(Material provided)
☆ ☆ ☆

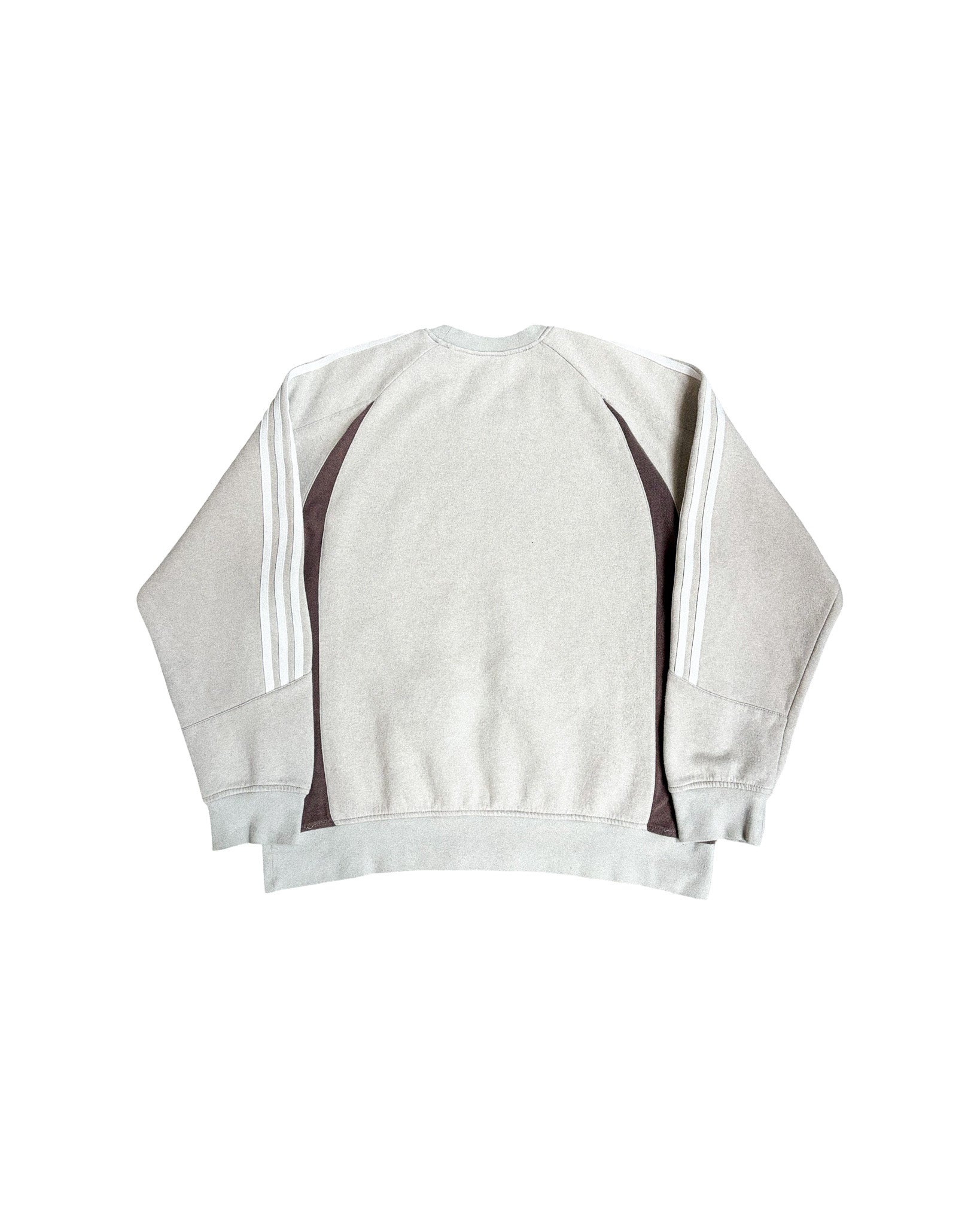 2000'S ADIDAS TWO TONE EMBROIDERED SWEATSHIRT - L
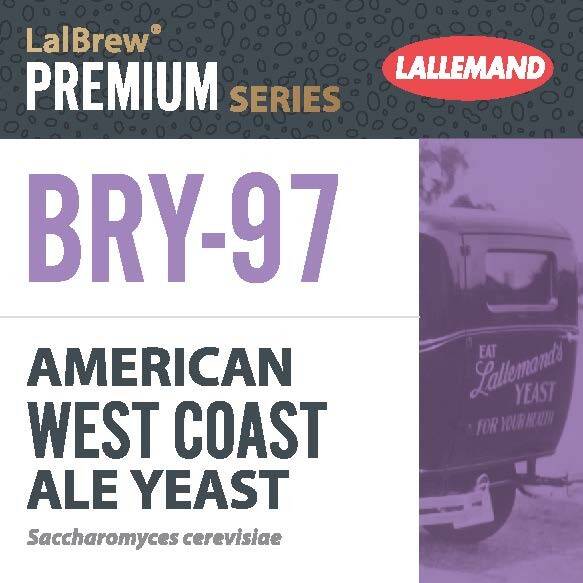 Drożdże do piwa Lallemand BRY-97 American West Coast 11 g (Zdjęcie 1)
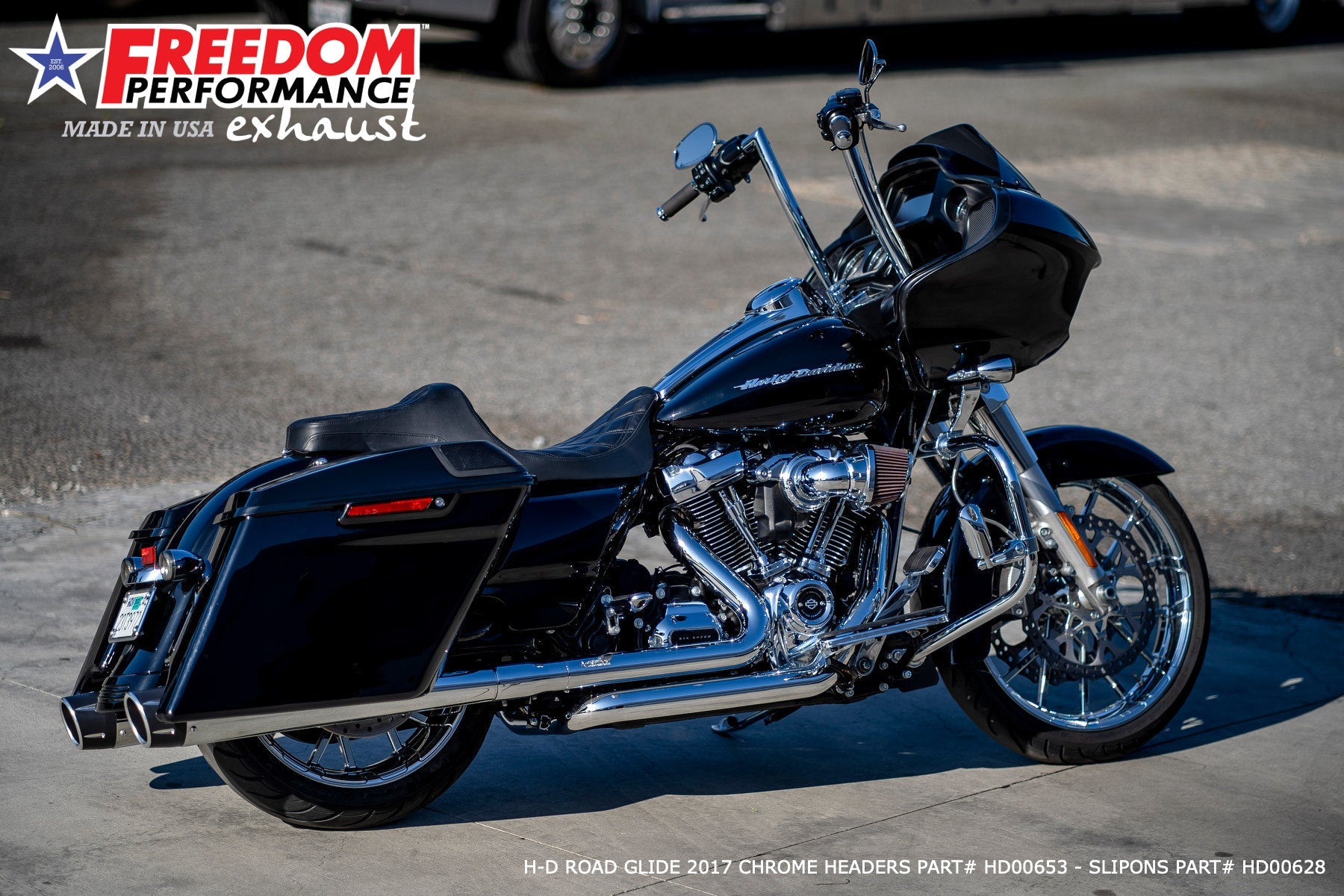 HARLEY TOURING AMERICAN OUTLAW & COMBAT FLUTED 4.5" MEGAPHONE SLIP-ONS BUNDLE 1995-PRESENT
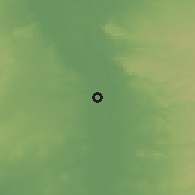 Shaded relief of the 56 km around El Badrashin, drawn from the GMTED2010 grid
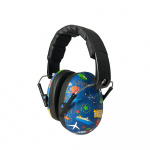 BANZ Earmuffs Kids Transport Blue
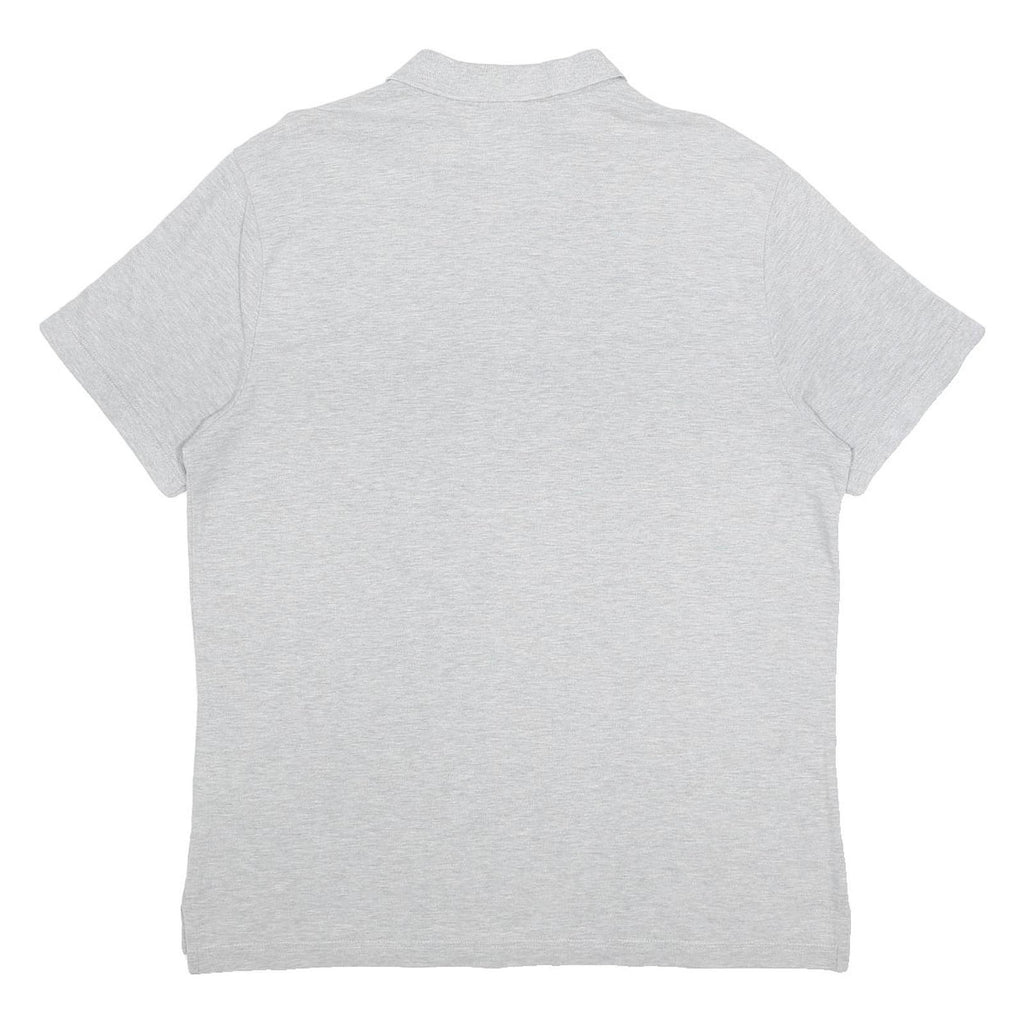 NIKE Mens Grey Polo Shirt XL Cotton Short Sleeve Plain Casual Sportswear
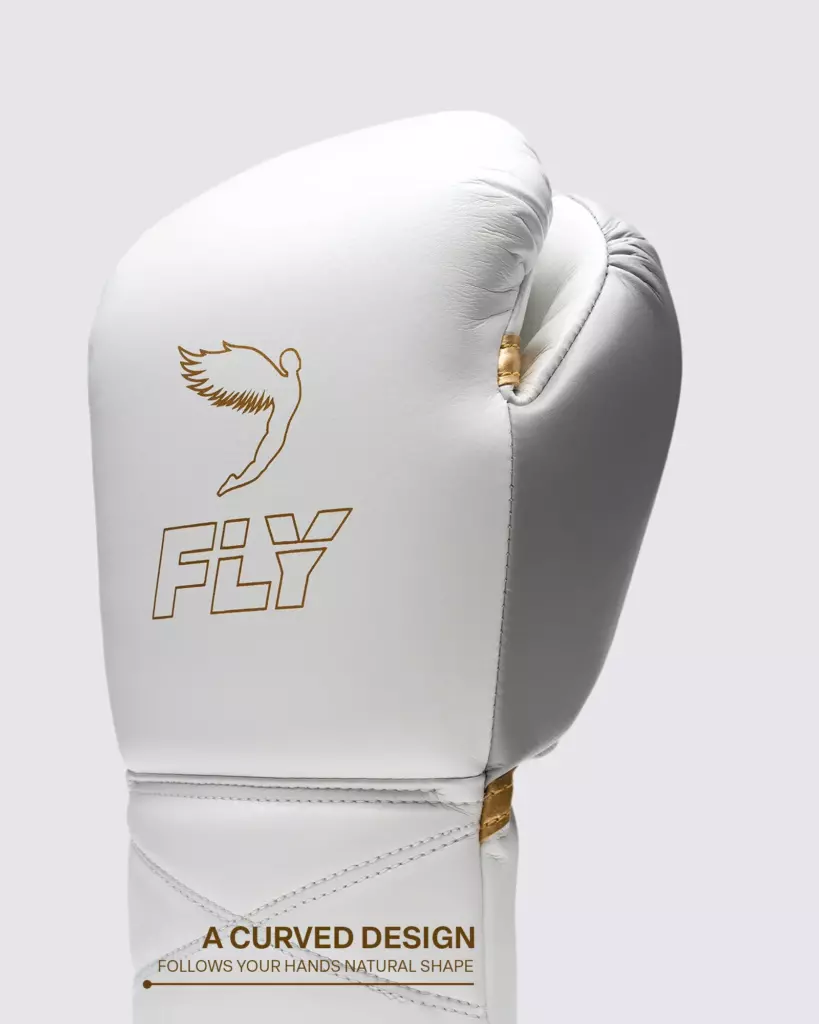 Боксёрские перчатки Fly SUPERLACE PRO X 2 GLOVES - White/Grey/Gold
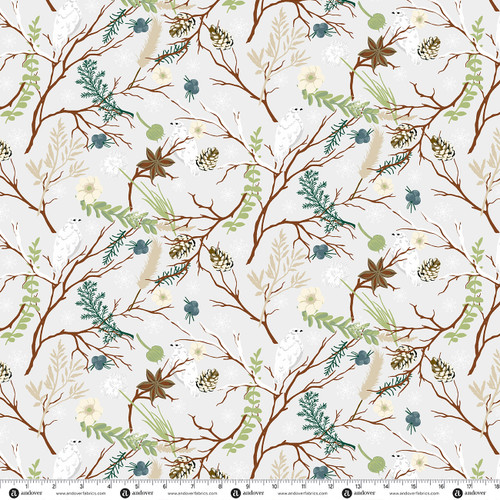 Nordic Solstice 108s by Gudrun Erla of GE Designs Birch Grove 108 Chalk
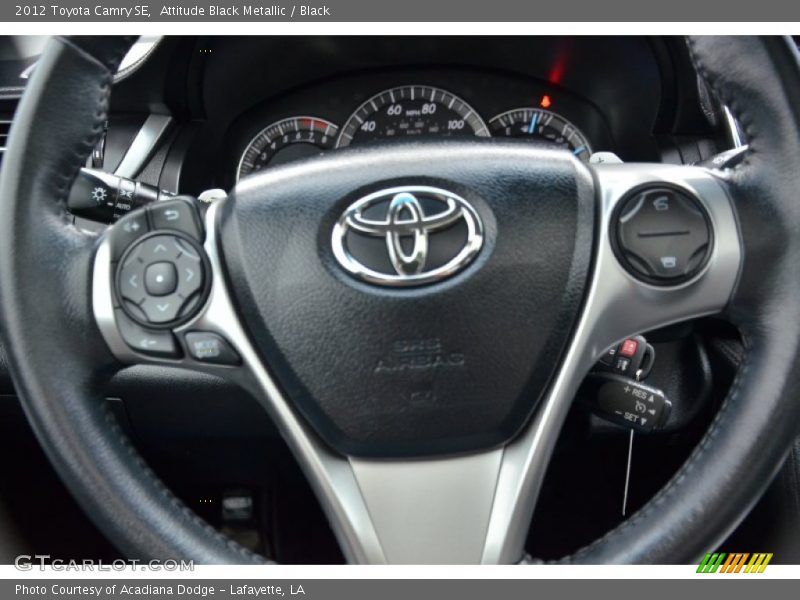 Attitude Black Metallic / Black 2012 Toyota Camry SE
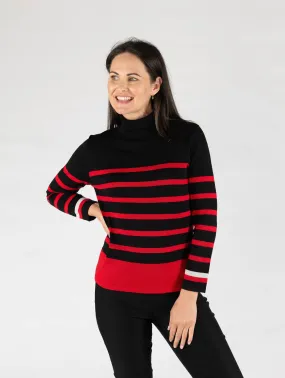 Stripe Roll neck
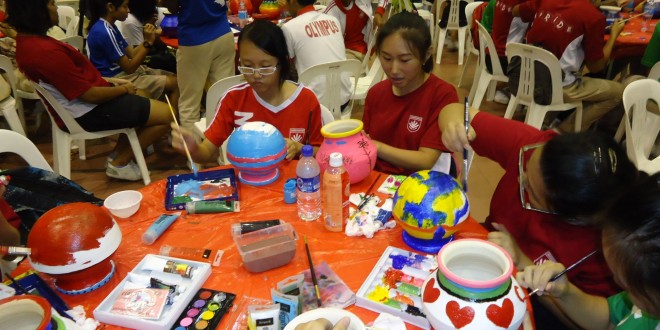 Most Number Of People Painting Clay Pots Together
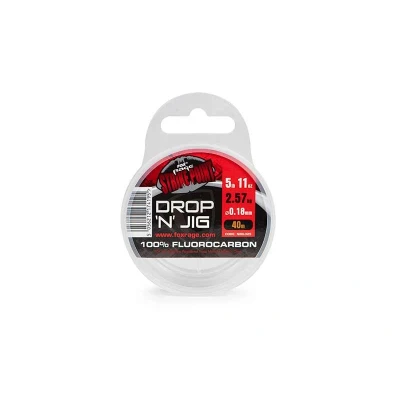 Image de Fox Rage Strike Point Drop &#039;N&#039; Jig 100% Fluorocarbone (40m) Maat : 0.35mm
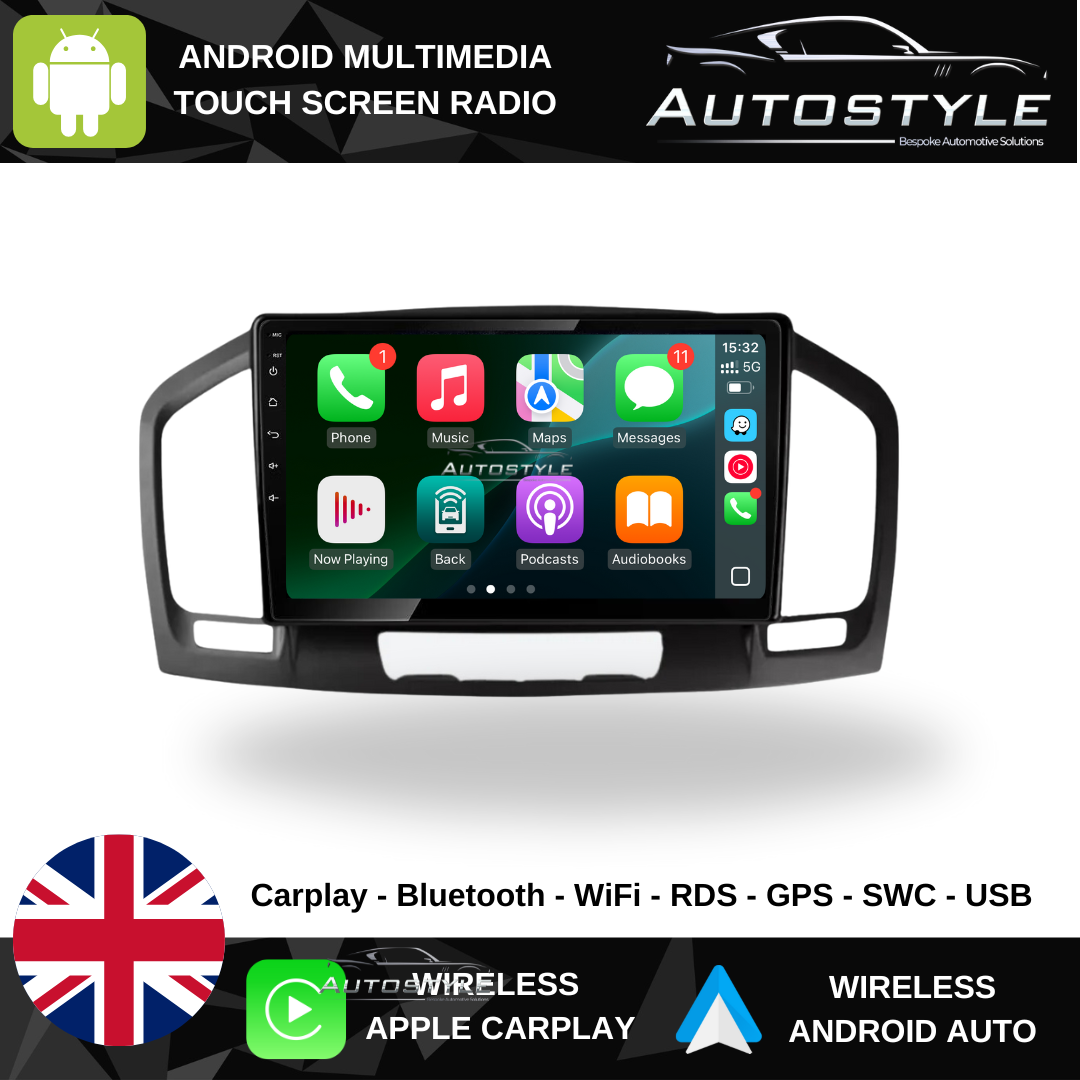 VW Insignia 9" Android Screen Upgrade and Wireless Apple CarPlay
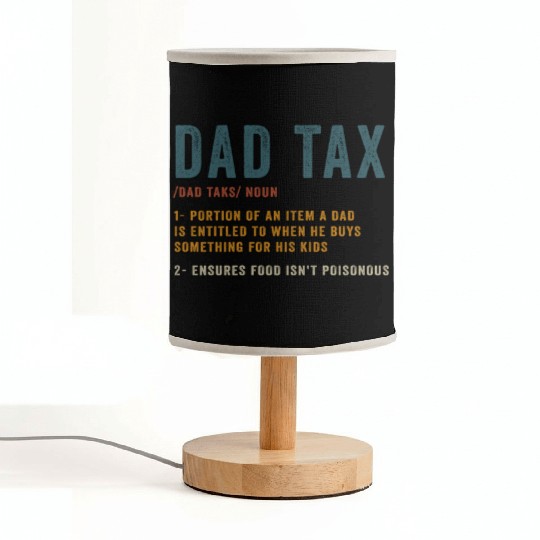 Vintage Dad Tax Definition Men Funny Father's Day Fabric Lamps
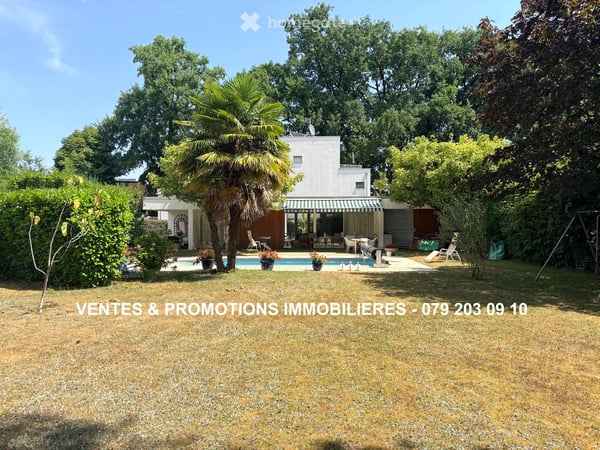 RARE A CHENE-BOUGERIES - VILLA DE PLAIN-PIED AVEC PISCINE SUR PARCELLE de 1'280 m2 14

☆ ☆ ☆

(Brief)
Your job is to repeat the data exactly, leaving each picture out.

(Reply)
 2000'S ADIDAS TWO TONE EMBROIDERED SWEATSHIRT - L
 Drożdże do piwa Lallemand BRY-97 American West Coast 11 g (Zdjęcie 1)
 HARLEY TOURING AMERICAN OUTLAW & COMBAT FLUTED 4.5" MEGAPHONE SLIP-ONS BUNDLE 1995-PRESENT
 Shaded relief of the 56 km around El Badrashin, drawn from the GMTED2010 grid
 BANZ Earmuffs Kids Transport Blue
 NIKE Mens Grey Polo Shirt XL Cotton Short Sleeve Plain Casual Sportswear
 Боксёрские перчатки Fly SUPERLACE PRO X 2 GLOVES - White/Grey/Gold
 Nordic Solstice 108s by Gudrun Erla of GE Designs Birch Grove 108 Chalk
 Attitude Black Metallic / Black 2012 Toyota Camry SE
 Stripe Roll neck
 Most Number Of People Painting Clay Pots Together
 Image de Fox Rage Strike Point Drop &#039;N&#039; Jig 100% Fluorocarbone (40m) Maat : 0.35mm
 VW Insignia 9" Android Screen Upgrade and Wireless Apple CarPlay
 Vintage Dad Tax Definition Men Funny Father's Day Fabric Lamps
 RARE A CHENE-BOUGERIES - VILLA DE PLAIN-PIED AVEC PISCINE SUR PARCELLE de 1'280 m2 14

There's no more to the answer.